Inspecting word2vec Matrices

The below figure shows a representation of Continuous Bag-of-Word Model with only one word in the context. There are three layers in total. The units on adjacent layers are fully connected.

A simple CBOW model with only one word in the context.

Notations

There are $V$ words in the vocabulary.
The input layer is of size $V$ and indexed using $k$ .
The output layer is of size $V$ and indexed using $j$ .
The hidden layer is of size $N$ and indexed using $i$ .
$\mathbf{W}$ is the weight matrix connecting the input layer and the hidden layer. $\mathbf{W}$ has dimensions $V \times N$ .
An individual element in the weight matrix $\mathbf{W}$ is denoted by $w_{ki}$ . Here. $k \in \{1 \cdots V\}$ and $i \in \{1 \cdots N\}$ .
$\mathbf{W'}$ is the weight matrix connecting the hidden layer and the output layer. $\mathbf{W'}$ has dimensions $N \times V$ .
An individual element in the weight matrix $\mathbf{W'}$ is denoted by $w'_{ij}$ . Here. $i \in \{1 \cdots N\}$ and $j \in \{1 \cdots V\}$ .

Input

The input is a one-hot encoded vector.
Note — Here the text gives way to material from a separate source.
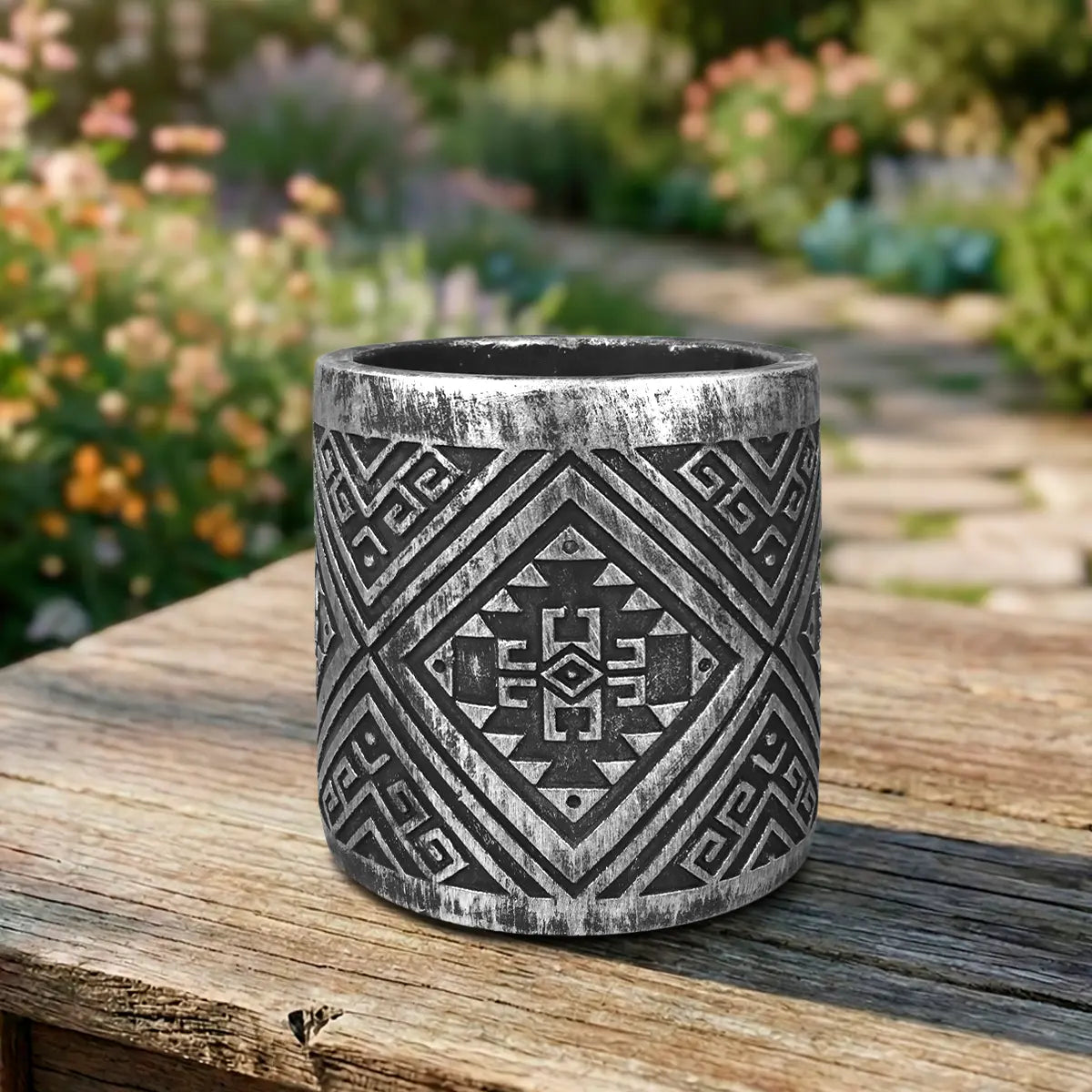 Maceta, Diseño Patrón, Color Plata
This means that for a given input context word, only one out of $V$ units, ${x_1, \cdots, x_V }$ , will be $1$ , and all other units are $0$ .

Consider an input word $x_k$ . Given a one-word context and the above one-hot encoding, $x_k = 1$ and $x_{k'} = 0$ for $k' \neq k$ .

$\begin{equation*} \mathbf{x} = \begin{bmatrix} x_{1} \\ x_{2} \\ \vdots \\ x_{k} \\ \vdots \\ x_{V} \\ \end{bmatrix}_{V\times 1} = \begin{bmatrix} 0 \\ 0 \\ \vdots \\ 1 \\ \vdots \\ 0 \\ \end{bmatrix}_{V\times 1} \end{equation*}$

Input-Hidden Weights

$\mathbf{W}$ is the weight matrix connecting the input layer and the hidden layer. $\mathbf{W}$ has dimensions $V \times N$ .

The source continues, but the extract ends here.